Георгий Левинтон: Я вспомнил такую деталь наташиного отъезда, может быть, не всем известную. Наташа очень твердо держалась того, что она поедет только в Европу. «По израильскому вызову я не поеду» - говорила она всюду. Вопреки нашим тогдашним привычкам, которые хорошо суммировал Ким в строчке «А всю практику мы знаем по героям Краснодона и по «Матери» по горьковской ещё», она очень твердо держалась этой линии, и когда она получила окончательный отказ, и все ожидали услышать: «Ну, вот теперь всё кончилось», ко всеобщему удивлению она сказала: «Теперь поедем по израильскому вызову». Смысл был в том, что она действительно хотела заставить власти поверить, что она не уедет. А цель у нее была очень простая: она надеялась, что если она уедет законно в Европу (то есть не по Израильскому вызову), то больше шансов, что мать к ней отпустят во Францию с визитом. Поскольку основная отговорка ОВИРа, когда оставшиеся члены семьи подавали на визиты, то им говорили: «А почему в Америку? Он же в Израиле».
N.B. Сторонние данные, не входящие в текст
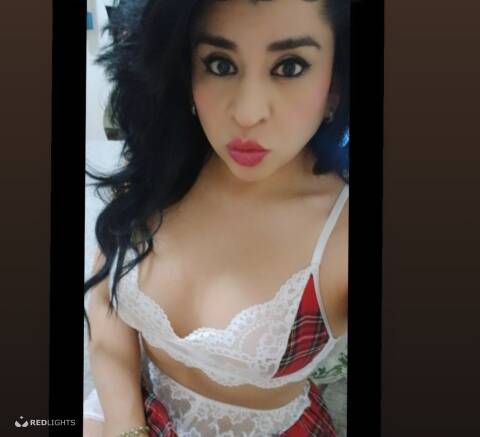 ¿You want to be my whore?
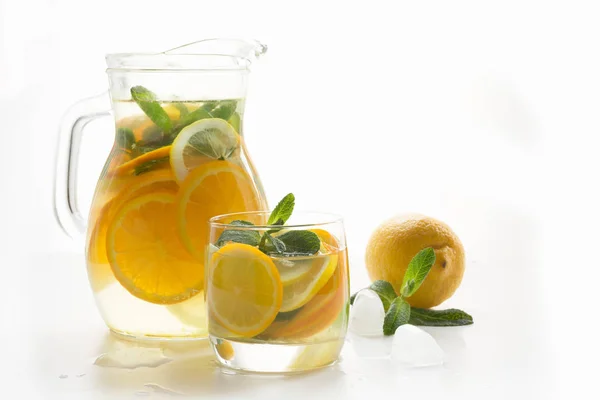 Limonada de desintoxicação de Verão. Água com limão, laranja, gelo e hortelã em vidro . — Fotografia de Stock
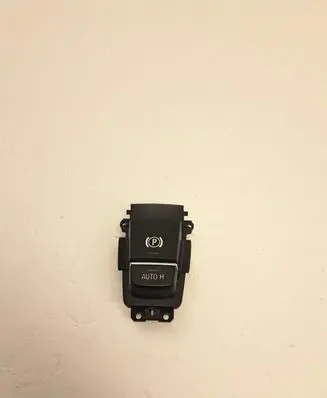 BMW X5 F15 Hand parking brake switch 6822520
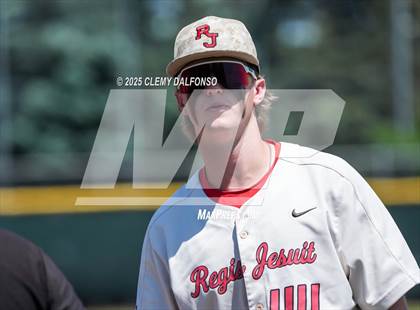 Thumbnail 2 in Regis Jesuit vs Cherry Creek ( CHSAA 5A Championship) photogallery.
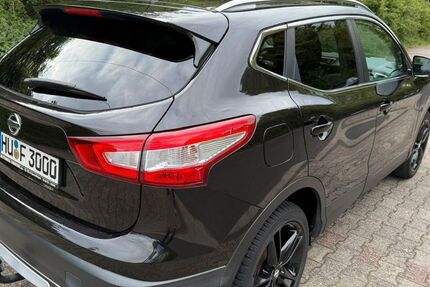 Nissan Qashqai 93.632 km 14.900 &euro; Gelnhausen 63571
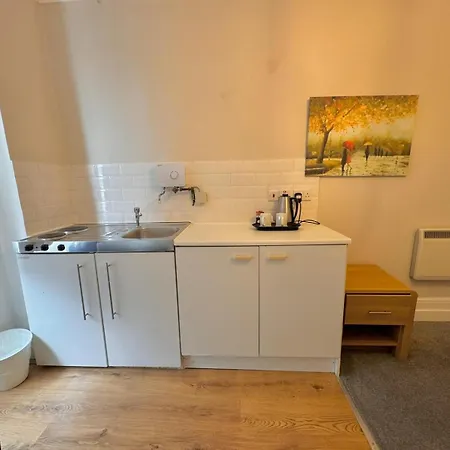 The Beverley Apartments London - Victoria Room photo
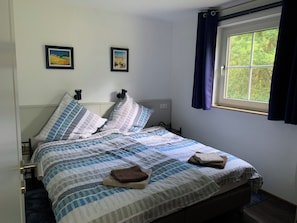 3 bedrooms, desk, travel cot, free WiFi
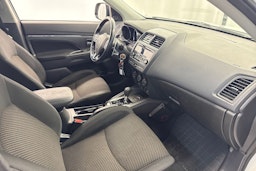 valkoinen Mitsubishi ASX 2021 kuva 17.
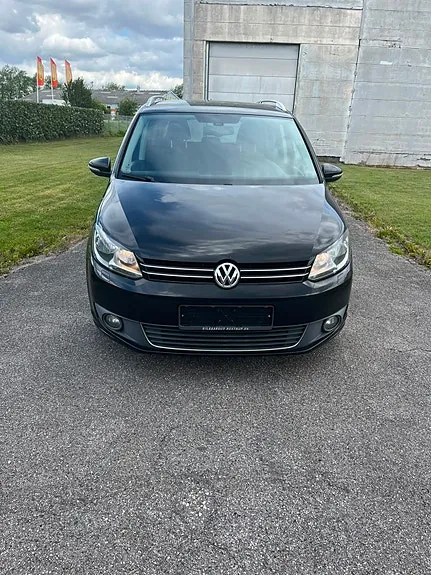 Volkswagen Touran 2012 photo 2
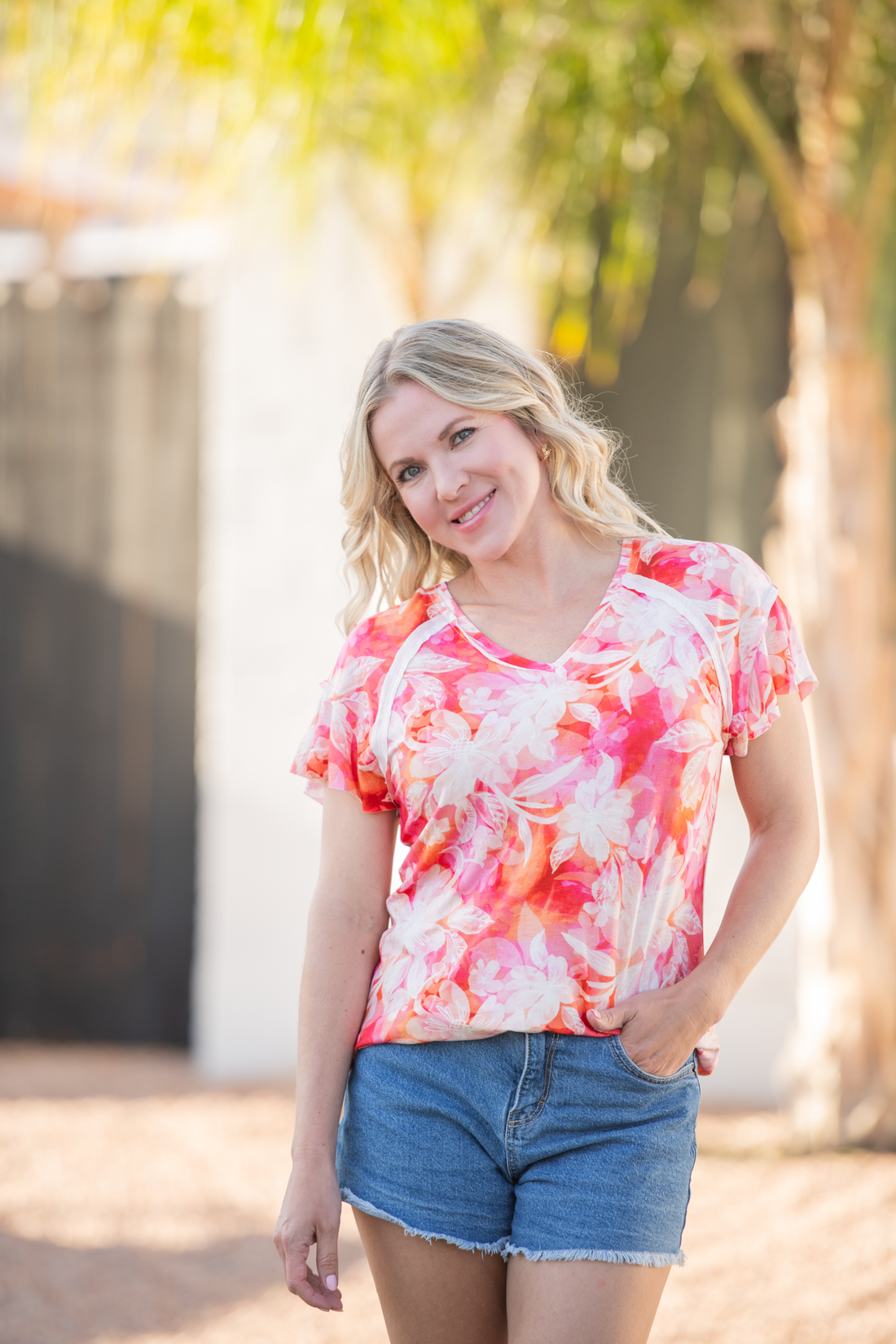 IN STOCK Raelynn V-Neck Top - Sunset Tropical Floral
Прошу Леонида Петровича Романкова.

Леонид Романков: Я Наташу видел только в 1989 году раз в Париже в редакции «Русской мысли», где работал мой друг Толя Копейкин. Потом встречались несколько раз в Петербурге, здесь, в «Мемориале», у Бориса Пустынцева. Потом был еще раз в Париже у нее дома. И Толя Копейкин спросил, как было? Я сказал: ел борщ, и она мне читала стихи. Он сказал: «Это большая честь – борщ она не всем варит». Приятные воспоминания были.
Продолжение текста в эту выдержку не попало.